# Spotify Dataset 1922 - 2021

In this notebook, we first analyse the data and do some basic visualisations before we perform a time series analysis of the artists popularity over the years.
Following that, we start working on the recommendation model where we used content based filtering.

> Before we start, I would like to ackloedge that I am learning myself and I took inspiration from sources at Stack Overflow, Kaggle and articles on Towards Data Science. Moreover, I referred to code from other contributors on this kaggle dataset like Darkstar Dream and Florian Heiny. 

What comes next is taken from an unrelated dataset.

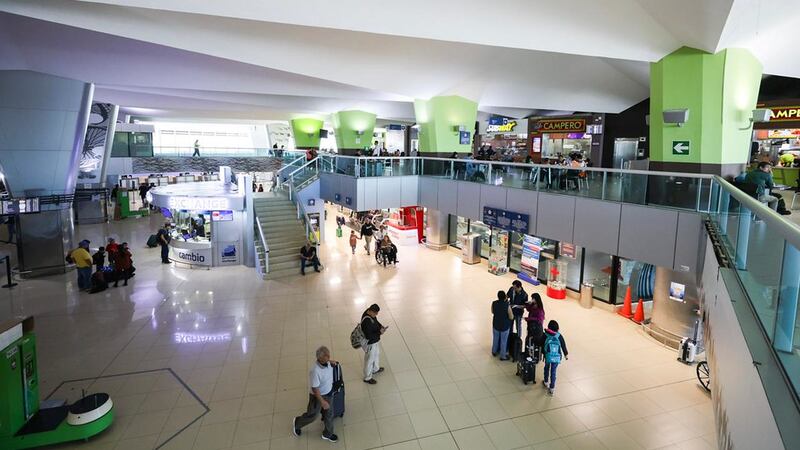 Adjudican contrato para aire acondicionado en el aeropuerto La Aurora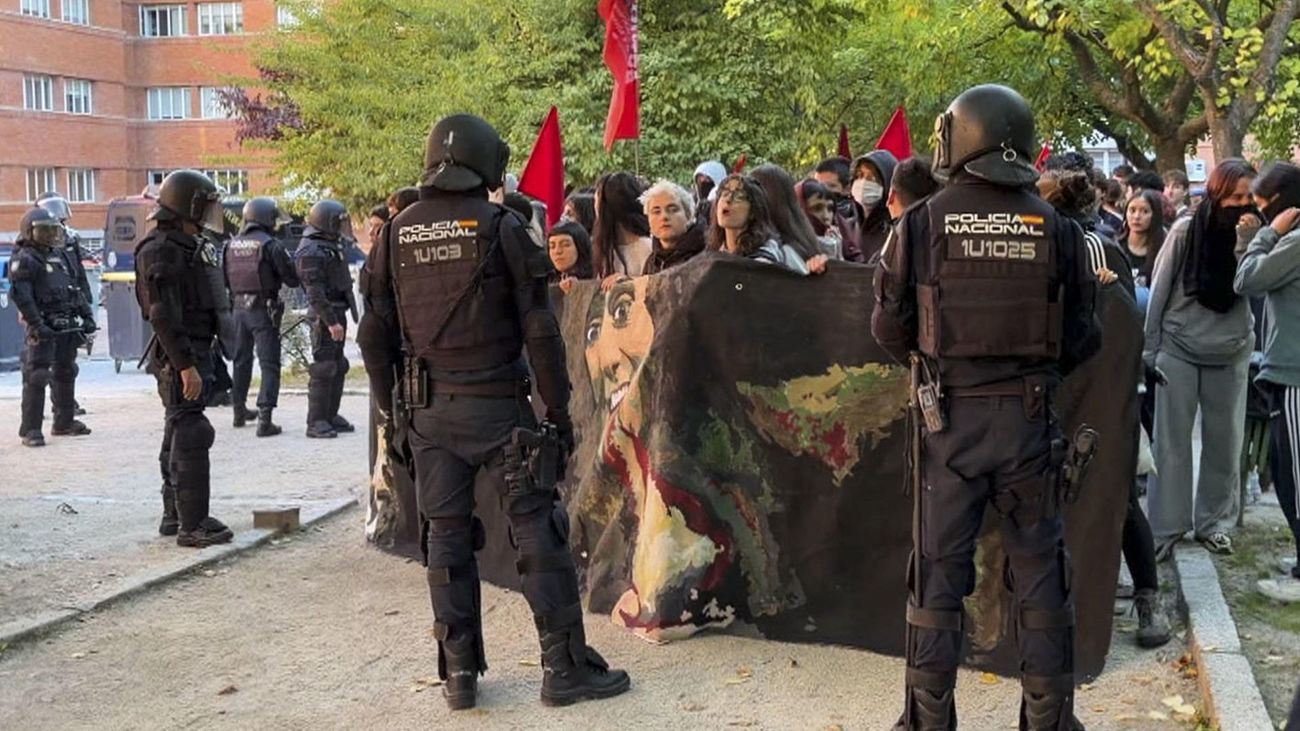 las cinco personas detenidas ya han sido puestas en libertad.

The imports I am using for the data analysis and visualisations:

In [None]:
import pandas as pd
import numpy as np
import json
from datetime import date
from datetime import datetime
import seaborn as sns
import matplotlib.pyplot as plt

In [None]:
import os
for dirname, _, filenames in os.walk('/kaggle/input'):
    for filename in filenames:
        print(os.path.join(dirname, filename))

artist_df = pd.read_csv('/kaggle/input/spotify-dataset-19212020-160k-tracks/artists.csv')
tracks_df = pd.read_csv('/kaggle/input/spotify-dataset-19212020-160k-tracks//tracks.csv')
with open("/kaggle/input/spotify-dataset-19212020-160k-tracks//dict_artists.json", encoding='utf-8', errors='ignore') as json_data:
     data = json.load(json_data, strict=False)

In [None]:
tracks_df

Let's convert all the dates to datetime objects for easier comprehension in the future.

In [None]:
df = tracks_df.copy()

df['release_date'] = pd.to_datetime(df['release_date'])

Correlation matrix of all the variables in the dataset tracks_df

In [None]:
corr = df.corr()
plt.figure(figsize=(20,8))
sns.heatmap(corr, vmax=1, vmin=-1, center=0,linewidth=.5,square=True, annot = True, annot_kws = {'size':8},fmt='.1f', cmap='BrBG_r')
plt.title('Correlation')
plt.show()

Correlation matrix of the important variables in the dataset tracks_df

In [None]:
corr = df[["acousticness","danceability","energy", "instrumentalness", 
           "liveness","tempo", "valence", "loudness", "speechiness"]]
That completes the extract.